3/20このようなニュースが流れました。
「日銀は、19日まで開いた金融政策決定会合で、マイナス金利政策を解除し、金利を引き上げることを決めました。
日銀による利上げはおよそ17年ぶりで、世界的にも異例な対応が続いてきた日本の金融政策は正常化に向けて大きく転換することになります。」
という内容でした。

■そもそも「マイナス金利政策解除」とはどういうことでしょうか?
金融機関が金利を払ってまで当座のお金を日銀に預けることはあるのでしょうか?
通常はお金を預けて利息をもらうのが普通であるので、金利を払ってまで日銀に預けるとはあり得ませんね。
それが-0.1%というマイナスの金利が設定されてあり、お金を預けるのに金利を払っていたということなのです。
それが「マイナス金利政策」なのです。

そうすることにより、
金融機関は利息を払ってまで日銀にお金を預けるくらいなら、企業や 個人にお金を貸す方がよい → 
お金が市場に回る → 
景気を下支えする!
との思惑で始めたのが「マイナス金利政策」だったのですね。2016年から続いていました。
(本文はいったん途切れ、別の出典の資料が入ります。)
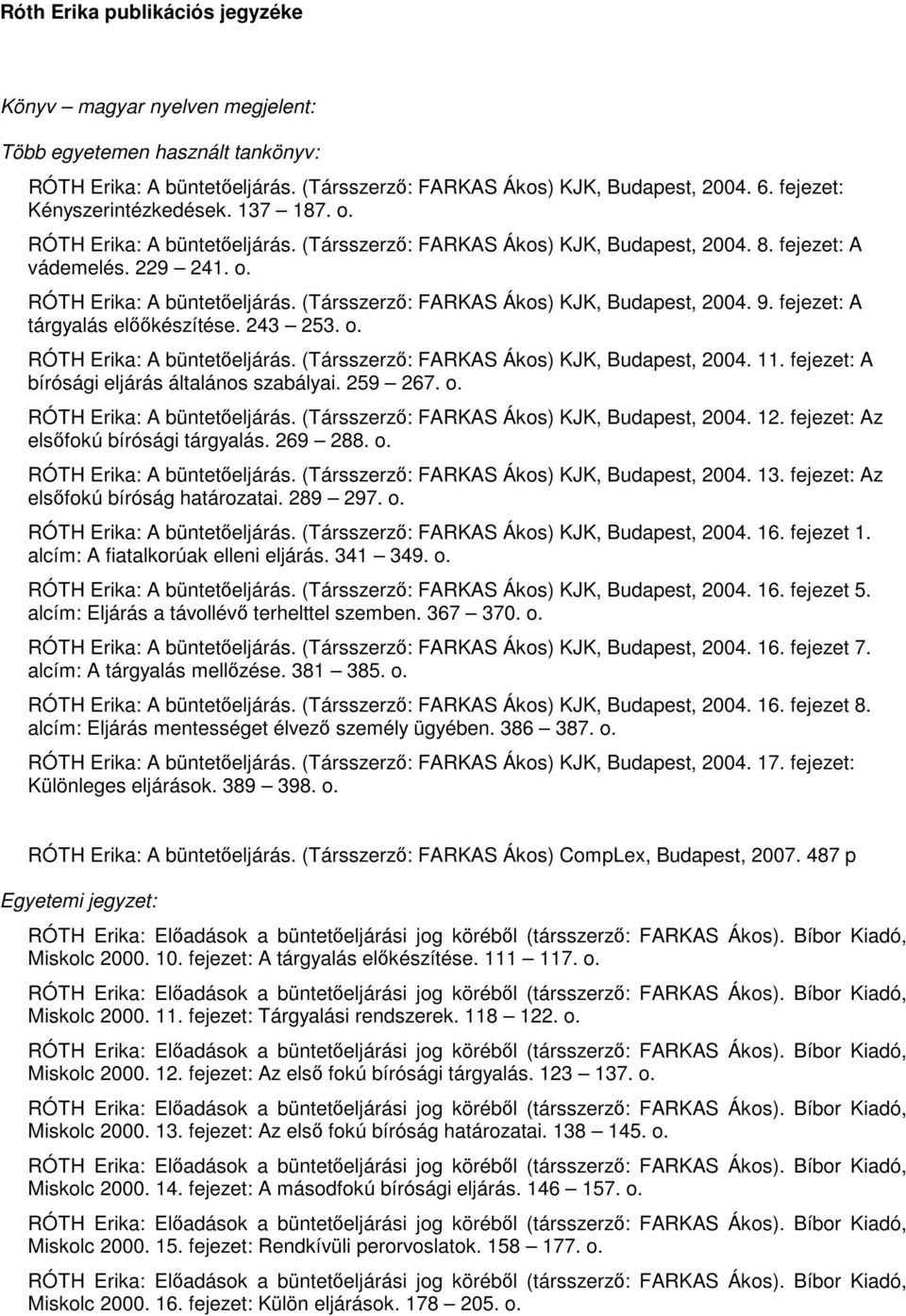 fejezet: A tárgyalás elııkészítése. 243 253. o. RÓTH Erika: A büntetıeljárás. (Társszerzı: FARKAS Ákos) KJK, Budapest, 2004. 11. fejezet: A bírósági eljárás általános szabályai. 259 267. o. RÓTH Erika: A büntetıeljárás. (Társszerzı: FARKAS Ákos) KJK, Budapest, 2004. 12.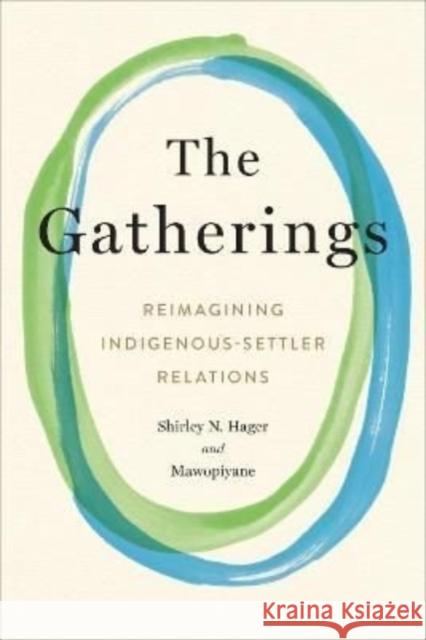 The Gatherings: Reimagining Indigenous-Settler Relations Shirley Hager Mawopiyane 9781487545888 Aevo Utp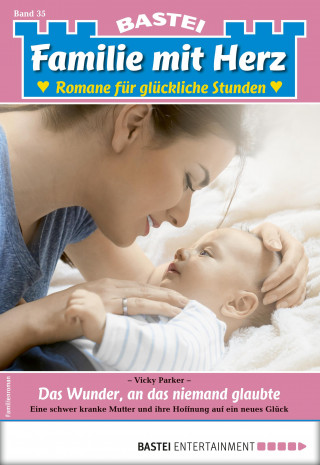 Vicky Parker: Familie mit Herz 35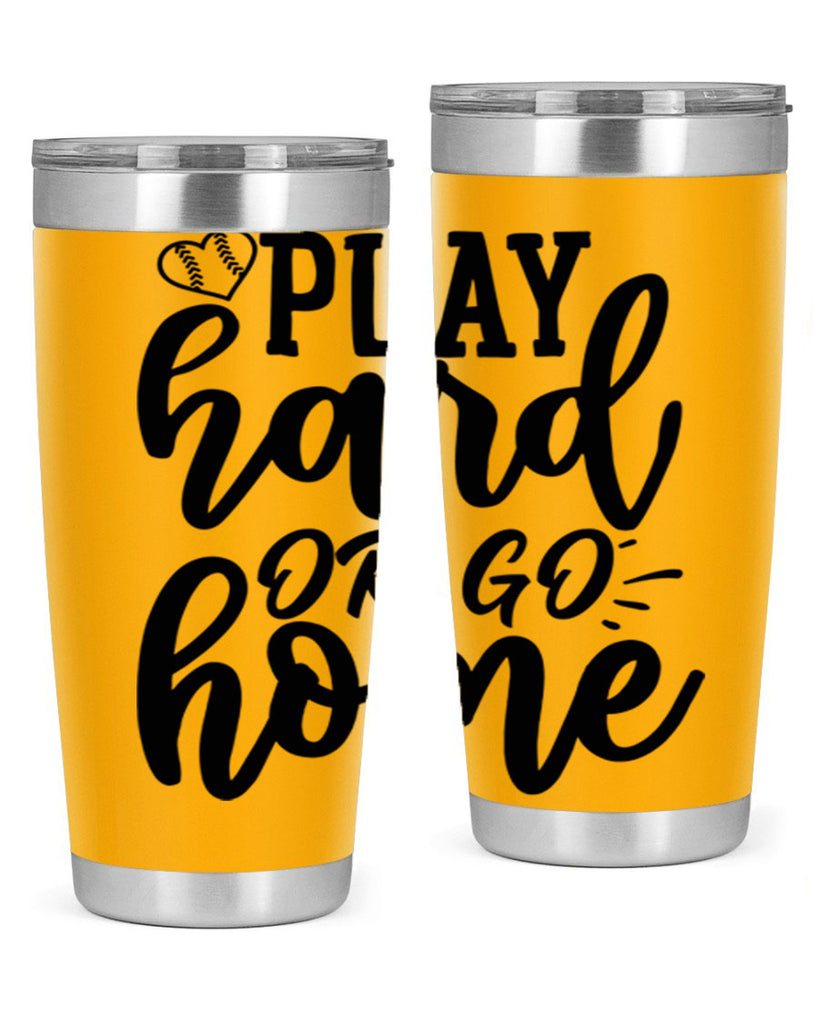 play hard or go home 2279#- softball- Tumbler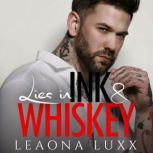 Lies in Ink and Whiskey, Leaona Luxx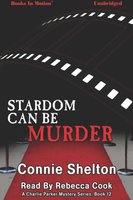 Stardom Can Be Murder - Connie Shelton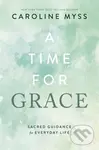 A Time for Grace (Sacred Guidance for Everyday Life) - Caroline, Ph.D., PH. D Myss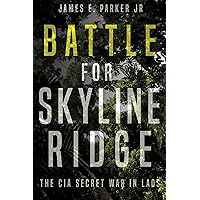 Battle for Skyline Ridge: The CIA Secret War in Laos Battle for Skyline Ridge: The CIA Secret War in Laos Kindle Hardcover Audible Audiobook Paperback Mass Market Paperback Audio CD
その「金利のない世界」から「金利のある世界」への転換が「マイナス金利解除」ということです。
-0.1%の金利が0~+0.1%に設定されました。
「2%の物価安定の目標が持続的・安定的に実現していくことが見通せる状況に至った」
(日銀)ということによる政策の転換でした。

これで金融機関も余剰資金を日銀に預けた場合、金利収入があるということになったのです。
今までの金利のない世界から金利のある世界への大転換ということですので、
では世の中はどのように変わるのでしょうか?

■「マイナス金利の解除」が我々の生活にどんな影響があるのかを考えてみましょう!
・預金金利は上がるのでしょうか?
・住宅ローンの変動金利はどうなるのでしょうか?
・住宅ローンの固定金利にも影響するのでしょうか?
・保険の予定利率が上がれば保険料が下がるのでしょうか?
等考えてみましょう。

・預金の金利はどうなる?
銀行はすぐに反応し、預金金利を引き上げましたね。
早くも19日中に三菱UFJ銀行と三井住友銀行は、普通預金の金利を現在の0.001%の20倍に相当する0.02%に引き上げることを決めています。
みずほ銀行、ゆうちょ銀行を含め他の金融機関も追随しました。
銀行が普通預金の金利を引き上げるのは、日本銀行が前回利上げした2007年以来17年ぶりとなります。
これは嬉しいことですね。

・住宅ローン金利はどうなる?
さて気になるのは住宅ローンの金利です。
現在、住宅ローンを組んでいる方のほぼ70%以上の方が変動金利を使っています。
変動金利が上昇に転じることになった場合、影響を受ける方がほとんどとなるのです。
今回は短期金利の上昇となるので、変動金利を使っている方には心配な状況です。

◎住宅ローン 変動金利
住宅ローンには、ある一定期間、もしくは全期間を据え置く固定金利と、6か月ごとに金利を見直す変動金利があります。
固定金利は長期金利(10年ものの国債の金利)の影響を受け、変動金利は金融機関が独自に決める短プラ(短期プライムレート)の影響を受けるのですが、短プラは据え置かれており、現在動いてはいません。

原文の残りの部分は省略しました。